Fe-N-C materials are the most promising alternatives for catalytic oxygen reduction reactions in acid polymer fuel cells, but the problem of catalyst degradation has always been an obstacle to achieving their long-term applications. At present, there is a lack of understanding of the loss of its catalytic activity, which slows the pace of optimizing the synthesis of highly stable catalysts. In view of this, Professor Frédéric Jaouen of the University of Montpellier and others have conducted in-depth research and understanding of the structure-activity relationship of different FeNx active sites in Fe-NC materials for the subsequent preparation of high-stability Fe-NC catalysts for proton exchange membrane fuels The battery provides strong experimental evidence.
The main points of this article: 1) The study found that during the catalysis process, two different FeNx sites (S1 and S2) of the Fe-N-C catalyst changed significantly. S1 is degraded through conversion to iron oxide, while the structure and quantity of S2 are unchanged. 2) 57Fe Mossbauer spectroscopy test results show that the first two sites of the reaction both contribute to the oxygen reduction reaction activity, but only S2 plays a major role after 50 hours of reaction. 3) In situ 57Fe Mössbauer spectra in an inert gas and related theoretical calculations together show that S1 is high-spin FeN4C12, and S2 is low-spin or medium-spin FeN4C10.

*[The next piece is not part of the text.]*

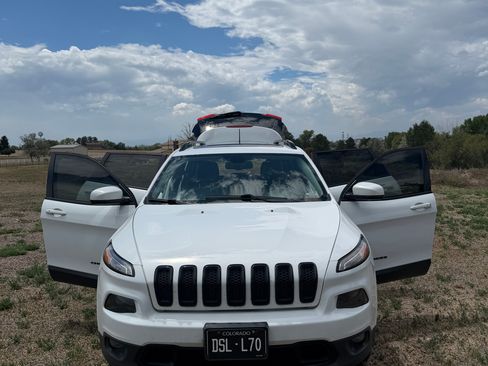 Used 2017 Jeep Cherokee High Altitude AWD/4WD image 2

Electrocatalysis Academic QQ Group: 740997841

Picture Li, J., Sougrati, MT, Zitolo, A. et al. Identification of durable and non-durable FeNx sites in Fe–N–C materials for proton exchange membrane fuel cells. Nat Catal ( 2020).DOI: 10.1038/s41929-020-00545-2https://doi.org/10.1038/s41929-020-00545-2

3. Nature Catal. Review: Water-induced deactivation of cobalt-based Fischer-Tropsch synthesis catalyst

Catalyst deactivation is the main challenge faced by industrial catalytic processes and will greatly increase production costs. For the Fischer-Tropsch reaction, the water produced is usually assumed to be the culprit of catalyst deactivation. Cobalt nanoparticles may be oxidized to CoO, thereby forming a mixed metal oxide with the carrier, or sintered into larger particles. The actual occurrence and effects of the water-induced inactivation process have long been controversial in the literature. In view of this, Professor Michael Claeys of the University of Cape Town in South Africa and others discussed the feasibility of these deactivation methods in depth around the water-induced deactivation of cobalt-based Fischer-Tropsch synthesis catalysts and emphasized the importance of in-situ characterization.
The main points of this article: 1) The controversy of water-induced deactivation is mainly due to the lack of a suitable model catalyst system and the application of characterization technology. The current technology cannot directly monitor specific cobalt phases. The latest developments in in-situ characterization techniques provide valuable insights into various deactivation mechanisms in the cobalt-based Fischer-Tropsch synthesis process. In particular, the exploration of the formation of cobalt carrier compounds during synthesis, activation and catalysis can accelerate the understanding of the mechanism of water-induced deactivation. 2) For this solid state reaction, it is very necessary to fully understand and characterize the process of the oxidation of active cobalt to cobalt oxide and the formation of cobalt carrier compound from cobalt oxide. Recently, research on hydrothermal sintering and water-induced reoxidation of cobalt oxide has attracted more and more attention, and has begun to provide necessary experimental evidence for understanding these deactivation mechanisms.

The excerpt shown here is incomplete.